In the Lords, the Liberal Democrat peer Baroness Bakewell has lodged what is known as an “annulment prayer”, which will allow peers to debate – and vote on – the proposed regulations later this month.

A spokeswoman for the Liberal Democrat whips office said the regulations “definitely will be debated” later this month.

In the Commons, the “annulment prayer” has been lodged through an early day motion (EDM) sponsored by Liberal Democrat leader Tim Farron and backed by Labour leader Jeremy Corbyn, and so far signed by more than 100 MPs from Labour, the Liberal Democrats, Plaid Cymru, and the SNP, as well as the Green party co-leader Caroline Lucas.

The House of Commons library says the government will “typically find time” to debate such an EDM, if it has been signed by shadow ministers – which this EDM has – although it is not obliged to do so.

But it also warns that it is “very rare” for a statutory instrument to be over-turned: 1979 was the last time one was annulled in the House of Commons, and in the House of Lords it was 2000.

The PIP cuts will particularly impact on people with mental health conditions, with a Department for Work and Pensions (DWP) equality impact assessment concluding that an estimated 164,000 claimants will either lose all of their eligibility for the PIP mobility component or see it reduced, as a result of the cuts.
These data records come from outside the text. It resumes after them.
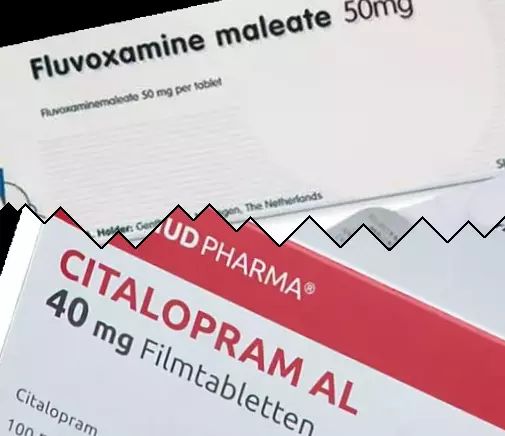 Fluvoxamin vs Citalopram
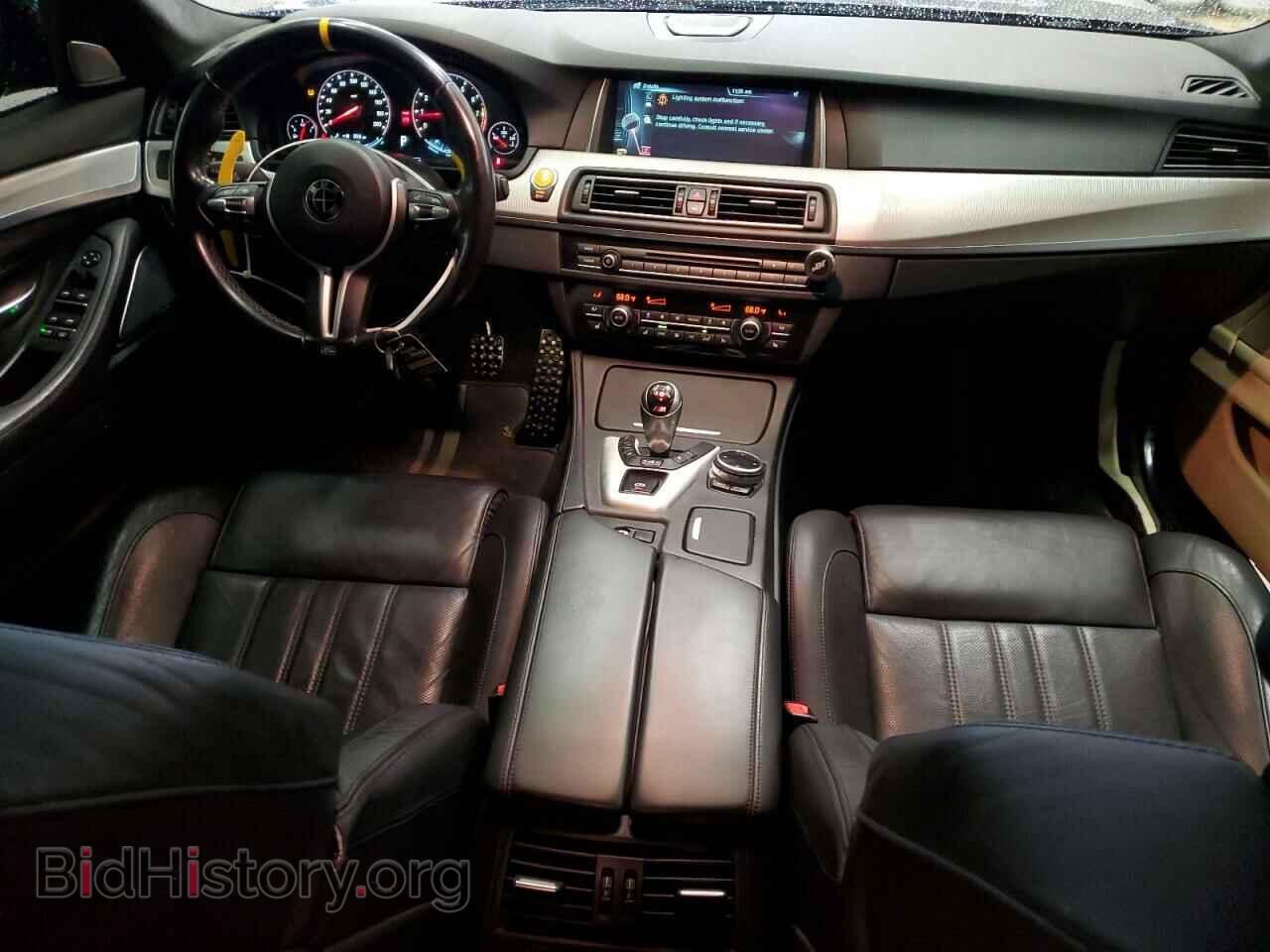 2014 BMW M5 - VIN: WBSFV9C52ED593859 - Фото 8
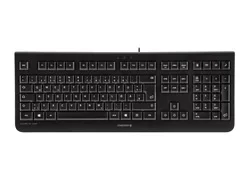 CHERRY Keyboard KC 1000 [US/EU] black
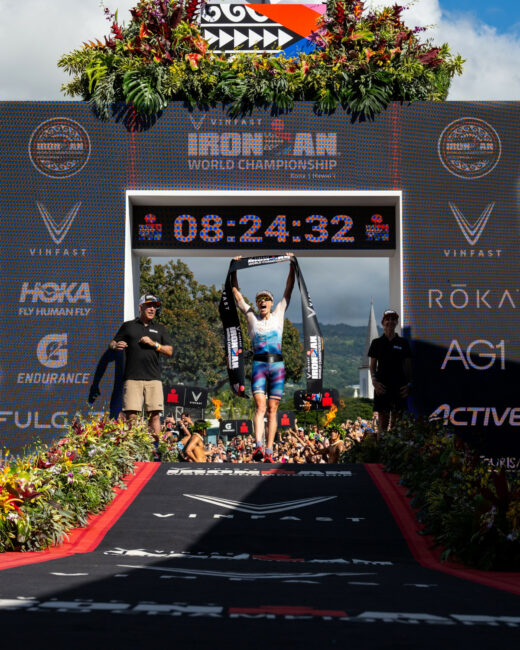 Lucy Charles-Barclay Wins IRONMAN World Championship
Another 1,500 disabled people who need support to take medication and monitor a health condition will either lose all of their PIP daily living payment or see it cut.

The government announced the amendments after two tribunal rulings that ministers claimed had interpreted the PIP assessment criteria “in ways that are different to what was originally intended” by the coalition government.

The mobility component tribunal ruling found that PIP claimants who need to be accompanied on journeys because of the risk of experiencing overwhelming mental distress could be scored in their assessment in the same way as those who cannot navigate a journey because of a visual or cognitive impairment.

DWP has said the amendments to PIP regulations are intended “to clarify the criteria, to restore the original aim of the policy and ensure support goes to those with the highest costs associated with their disability”.